Se observan cada vez con mayor frecuencia encendidas, acaloradas, e incluso, a veces, violentas discusiones provocadas alrededor de una botella de vino. Frases sentenciosas y lapidarias se esgrimen con demasiada ligereza en muchos foros y charlas. Están en boca de aquellos que deshumanizan el vino y creen saber mucho precisamente porque no conocen casi nada.
Olvidan los acérrimos defensores de tal o cual denominación o marca que en el vino no son deseables los prejuicios ni los pensamientos únicos. Parapetearse tras el escudo de apenas un puñado de bodegas o zonas es autoexcluirse de los placeres que, en toda su diversidad vitivinícola, España, Europa y el Nuevo Mundo ofrecen.
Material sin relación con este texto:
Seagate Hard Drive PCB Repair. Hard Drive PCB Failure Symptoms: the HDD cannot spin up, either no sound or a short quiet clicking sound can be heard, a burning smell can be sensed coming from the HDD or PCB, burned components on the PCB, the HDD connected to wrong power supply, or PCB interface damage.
El exceso de celo respecto a lo autóctono y los provincialismos, característicos de paladares estrechos, conducen a la autocomplacencia y la tozudez del que se cierra en banda a nuevos aromas. De esta manera puede uno perderse sorprendentes y estructurados tintos, elaborados en cálidos parajes manchegos, o voluptuosos licorosos nacidos en zonas como Jumilla o Priorato. Por no hablar de distinguidos blancos de Borgoña, oscuros y densos tintos del Ródano, sorprendentes zinfandeles californianos, vinos del hielo...
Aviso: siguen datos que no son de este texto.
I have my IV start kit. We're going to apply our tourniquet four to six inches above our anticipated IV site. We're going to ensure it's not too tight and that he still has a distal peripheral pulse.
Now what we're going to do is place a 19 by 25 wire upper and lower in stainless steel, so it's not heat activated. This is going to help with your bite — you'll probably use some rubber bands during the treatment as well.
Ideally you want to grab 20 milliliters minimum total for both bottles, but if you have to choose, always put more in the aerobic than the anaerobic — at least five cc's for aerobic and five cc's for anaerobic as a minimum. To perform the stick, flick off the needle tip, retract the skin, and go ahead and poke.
Si parece ridículo el inmovilismo de estos fundamentalistas faltos de curiosidad, un tanto de lo mismo ocurre con quienes llevados por un insaciable afán clasificatorio tienden a convertir la cata del vino en una ciencia exacta, lógica y completamente imparcial; con puntuaciones de precisión matemática, descripciones esotéricas y resultados impepinables que se justifican con argumentos muy técnicos y pulcros. Frente a esta tendencia, hay quienes pensamos que el vino es pura subjetividad y las apreciaciones- personalísimas- de los sentidos se imponen por encima de cualquier fría y calculada evaluación, que busca opiniones comunes donde no hay más que disparidad de sensibilidades.
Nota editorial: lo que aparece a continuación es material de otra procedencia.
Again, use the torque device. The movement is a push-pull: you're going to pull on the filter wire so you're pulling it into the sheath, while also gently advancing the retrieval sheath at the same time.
La pretensión de objetividad aplicada al vino no es posible, ni siquiera deseable. Lo más sano y honesto es disfrutar del vino, entenderlo como una expresión de la cultura y apreciarlo como un arte, sin perder de vista nuestras experiencias, filias y fobias, para valorar lo que se bebe desde la perspectiva particular y no tratar de extrapolar mandamientos universales a partir de nuestra sensibilidad. La fidelidad a nuestros gustos, complementada con un espíritu receptivo y abierto hacia otras percepciones, se configura como la única vía para ir más allá de guarismos, prescripciones y gurus.